Pienso en la vida de un hombre que encarna la invitación que Jesús nos hace en este domingo: el francés Charles de Foucauld (1858-1916), beatificado por Benedicto XVI el 13 de noviembre de 2005. Descendiente de una familia aristocrática que portaba el título de "vizconde de Foucauld", Charles fue huérfano de padre y madre a los seis años y debió migrar con su abuelo al desatarse la guerra franco prusiana. En 1876 ingresó a la Academia de oficiales de Saint-Cyr donde llevó una vida militar disipada. Enviado como oficial en 1880 a Sétif, en Argelia, fue despedido al año siguiente por indisciplina, acompañada de notoria mala conducta. En 1886 se volvió una persona espiritualmente muy inquieta, que reiteraba en la oración: "Dios mío, si existes, haz que yo te conozca". Su encuentro y confesión con el sacerdote Henri Huvelin el 30 de octubre de 1886, produjo un cambio decisivo en su vida. En noviembre de 1888 peregrinó a Tierra Santa tras las huellas de Jesús de Nazaret, lo que produjo un fuerte impacto en él. Ordenado sacerdote en 1901, decidió radicarse en el Sahara argelino, donde combatió lo que él denominó: la "monstruosidad de la esclavitud". El 1 de diciembre de 1916 fue asesinado por una banda de forajidos en la puerta de su ermita en el Sahara. Se dio cuenta de que no había nada más querido por él, que el último lugar.
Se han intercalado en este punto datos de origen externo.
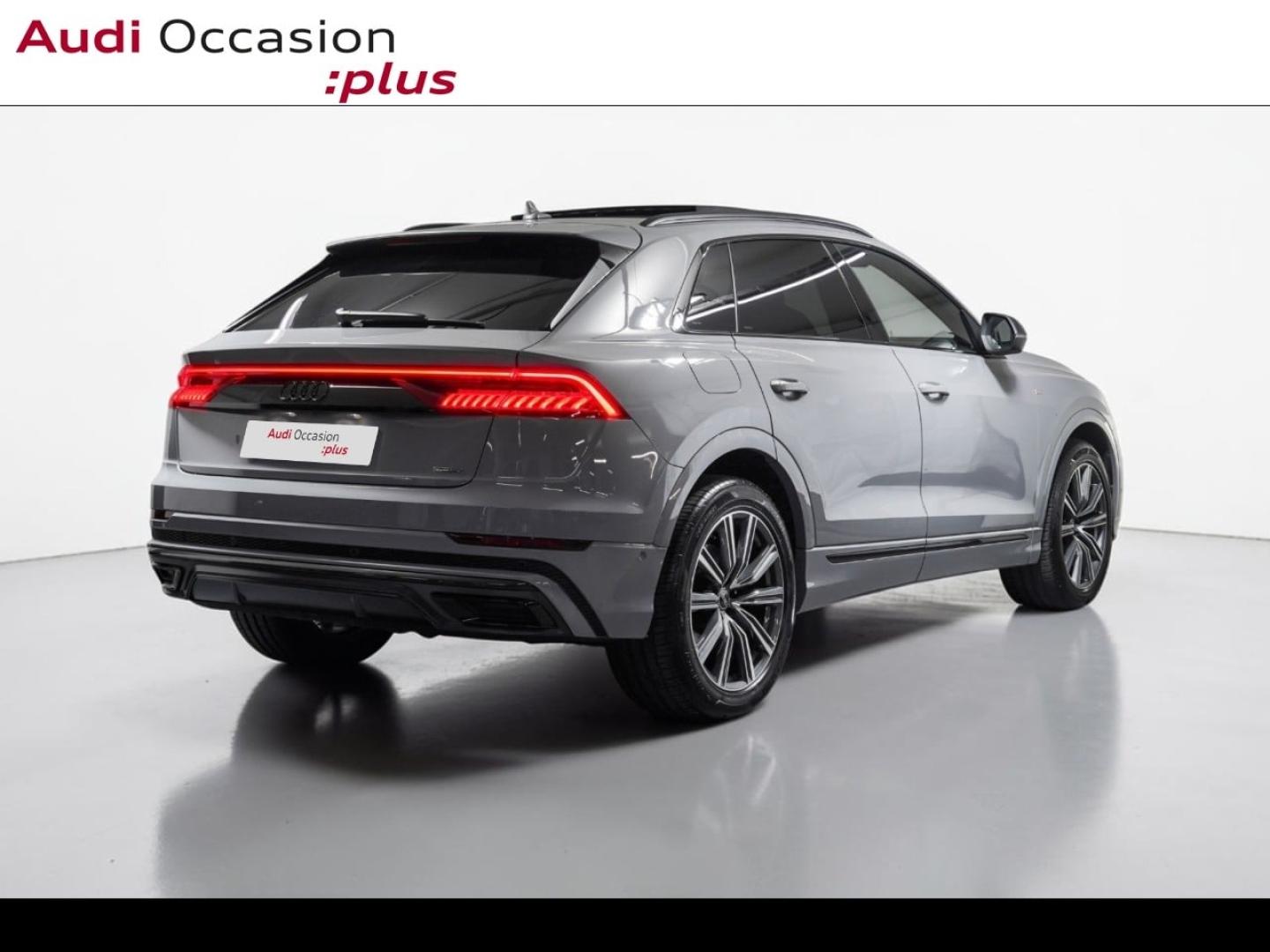 Voitures occasions Audi Q8 Compétition Paris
Por eso escribió: "Jesús no hizo otra cosa que bajar, poniéndose siempre en el último lugar". Y en una carta a Gabriel Tourdes dirá: "Quiero vivir del trabajo de mis manos, desconocido de todos y pobre, disfrutando de la oscuridad, del silencio, de la pobreza, de la imitación de Jesús. La imitación es inseparable del amor. Todo el que ama quiere imitar al amado: ése es el secreto de mi vida".